ジェレミー・クラークソン 農家になるというAmazon Primeの番組が非常に面白かった。全8話。一応「ドキュメンタリー」という分類で、本業?の車とは無関係のように見えるこの番組。オススメに出てきて気になっている人も多いのでは。
元々ジャーナリストでドキュメンタリーやコラムには定評がある人ですが、この番組でも「農業」をジェレミーらしい視点で映していて面白かったです。
農園面積が4平方kmもあるのに「Diddly Squat Farm」(大したことのない農園)というネーミングなのも非常に彼らしい。直営店の名前は「Diddly Squat Farm Shop」で、看板を付けた店のドアを開けると「Squat Shop」(スクワット屋)になるという、いつもの看板ネタも健在。
ジェレミーはAmazon独占の「The Grand Tour」で車番組も続けていますが、これまでの本業とは全くジャンルの違うこの番組は飛び抜けて評価が高く、Amazon Primeの番組での過去最高記録なんだとか。なんと現時点で☆5。インチキレビューの食べログの店でもここまでにはならないでしょう。
まぁジェレミーは迷惑おじさんでもあるので、イギリスでは嫌われもの的な立ち位置でもあるようですが、ジェレミー嫌いのガーディアン紙でも「認めたくないが、ジェレミー・クラークソンの農業番組は本当に良い番組」と非常に嫌々ならがら認めざるを得ないらしい。
もちろん番組の内容は「相変わらず」なんですが、意外と大爆笑するような場面は少なく、農業の現実や苦労、大切さを痛感するような内容でした。番組の収録を始めた2019年は、大水害に日照りで農家には辛い1年だったらしく、その後の例のパンデミックで更に大打撃・・・という、そんな1年が濃縮された番組です。
番組はあくまで「ドキュメンタリー」という体ですが、何かしら演出もあるんでしょう。何が演出で何がそうでないかを見分けられるほど私は詳しくないですけどね。
農業にかかるお金の現実、補助金、申請手続きの面倒臭さ、悪天候、農園管理などなど、普段スーパーで売っている野菜や肉が当たり前のように並ぶまでにどれだけの苦労があるのか、知っているようで知らない農業のリアルの一部分が、ジェレミーらしい視点で見られる良い番組だと思います。

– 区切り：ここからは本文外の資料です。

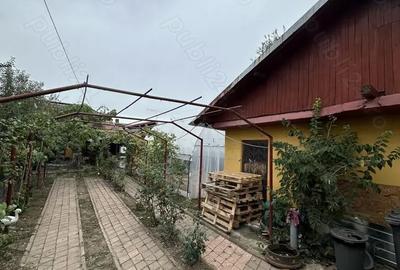Casă cu 5 camere cu Teren 450 Mp în Central - 8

個性的な出演者もジェレミーに負けず面白いです。ジェラルドは何を言っているのか全くわからないんですが・・・。
「世の中キレイ事言ってる人ばっかりだなー」というのが個人的な感想。農業に対して、理想とか希望とか、社会的にどうあるべきとか、そういう上辺だけで争うのも大変結構ですが、現実もちゃんと見るべきですね。
で。ここまで高評価だと、当然シリーズ化も期待されるわけなんですが、どうやらAmazonはシーズン1だけで打ち切ることを決定したらしい。ファンは「是非とも続けるべき」と抗議活動も起こっていますが・・・一方では色々問題もあったようです。

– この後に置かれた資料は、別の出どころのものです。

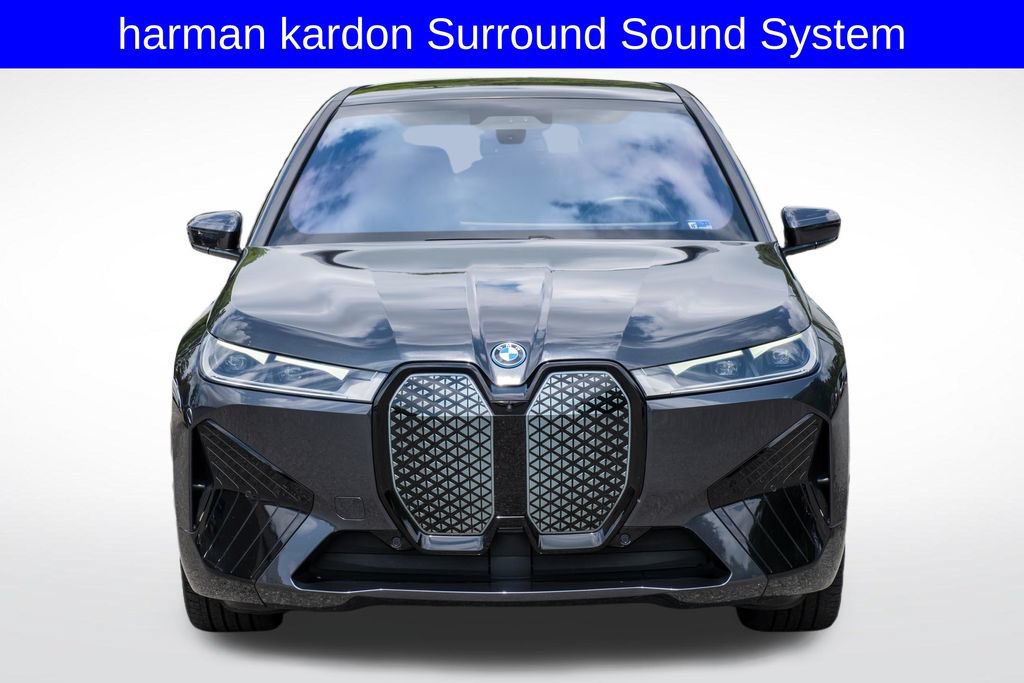 Used 2024 BMW iX xDrive50 w/ Sport Package AWD/4WD image 11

まず、ジェレミーが超有名人であること。番組でも紹介されたDiddly Squat Farmの直営店には、SNSでの宣伝もあってかとんでもない数の客が訪れ、ド田舎の農道を2時間以上渋滞させているとか。当然近隣住民は嫌がりますよね。
他にも、直営店ではDiddly Squat Farmの生産物など地元の農産物を販売しているんですが、最近では「公式Tシャツ」なども販売しているらしく、「農産物直営所ではない」という批判もあるんだとか。公式ファンショップみたいになりつつあるのは、どこの有名店でも通る道だと思いますけどね。
人気店になれば周辺は混雑するし、迷惑客も増えるでしょう。Google Mapsで現地の写真を見てみると、直営店には人だかり。でももし自分がイギリスに住んでいたら絶対に行くと思います。

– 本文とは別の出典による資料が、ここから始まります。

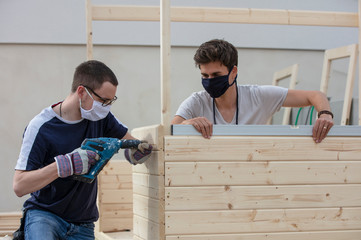 Mit Mundschutz am Bau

Diddly Squat Farmのある場所は、人口5000人ちょっとのチッピングノートンという街。衛星写真ではほぼ農地か草地しか存在しない。そんな場所に734万人のTwitterフォロワーを持つジェレミーが直営店を作ったら、そりゃ混雑もします。人の少ない田舎町が急に大観光地になってしまったら、長く住んでいる地元の人も良くは思わないでしょう。
まぁこれまでのジェレミーの「評価」も多分に影響しているようですね。番組の中でも直営店の設置に反対する住民の意見が出ていましたが、「何をするか分からん」「この前家を爆破していた」など、非常にもっともなご意見がたくさん。ジェレミーは確かに猛烈な人気がある人ですが、根本的には迷惑おじさんであることも否定できない事実。ご近所さんだったら確かに嫌かも。悪い人じゃないのは間違いないんでしょうが・・・。
ジェレミー自身は農場経営がとても気に入っているようなので、どこかが手を上げれば2シーズン目も作られるでしょう。
1シーズン目が中々のハプニングだらけだったので2シーズン目でどういう構成にするのか、少し難しいような気もしますけどね。何事もなく大豊作だったら、農業としては良いことなんですが、ドキュメンタリー番組としてはあまり良くないかもしれません。
だからってリアリティ番組みたいに”明らかに雰囲気の違う空気の読めないお調子者”を放り込んでひと悶着を起こさせる演出をするわけにもいかないし。
それに、「1シーズン1年」だとすれば、番組制作にかかる手間がすごいですよね。番組の最後でも紹介されていますが、Diddly Squat Farmの1年間の収益は、金額的にあまり良くなかったことが報告されています。(ネタバレになるので具体的な金額には番組をご覧ください)
確かに良い番組ですが、長期間の収録にかかる手間など、番組の費用対効果的には微妙だったかもしれません。加えて地元住民からの反対や周辺への影響も考慮し、「番組を継続しない」ということになったとすれば、まぁ仕方ないような気もします。コンプライアンスも厳しい世の中ですしね。
でもやっぱり2シーズン目が見てみたい。私は期待しています。
ちなみに、The Grand Tourの新作も発表されました。楽しみです。まぁこちらの内容も相変わらずのようですけどね。